● Task brief:
Everything from the line with "Papaya Wall Art, INSTANT" to the last line of the listing must be retyped exactly, both ends included, with the pictures dropped.

● Information shown:
____________

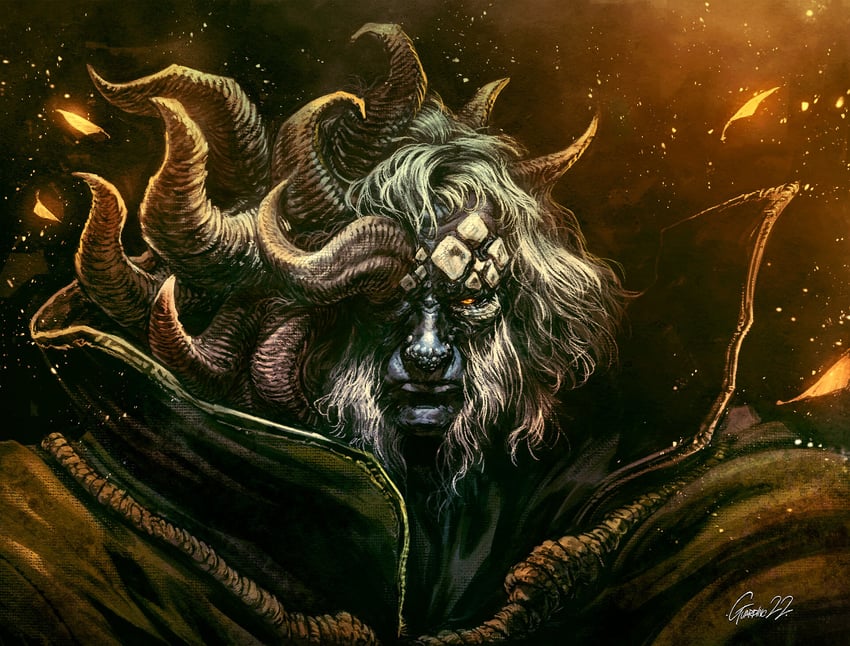 morgott the omen king and margit the fell omen (elden ring) drawn by andrea_guardino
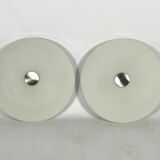Stilux Milano, pair of round opaline glass ceiling lamps. 1960s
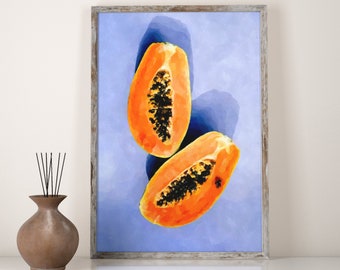 Papaya Wall Art, INSTANT DOWNLOAD, Papaya Print, Kitchen Print, Kitchen Wall Art, Fruits Wall Art, Fruits Print, Lemons Poster, Modern Art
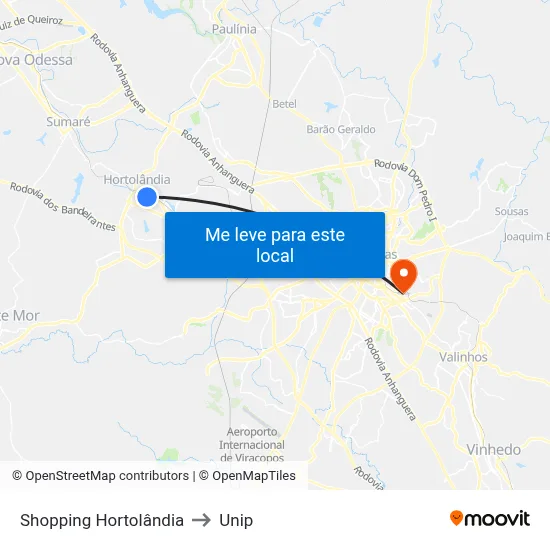 Shopping Hortolândia to Unip map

____________

● Task answer:
 Papaya Wall Art, INSTANT DOWNLOAD, Papaya Print, Kitchen Print, Kitchen Wall Art, Fruits Wall Art, Fruits Print, Lemons Poster, Modern Art
 Shopping Hortolândia to Unip map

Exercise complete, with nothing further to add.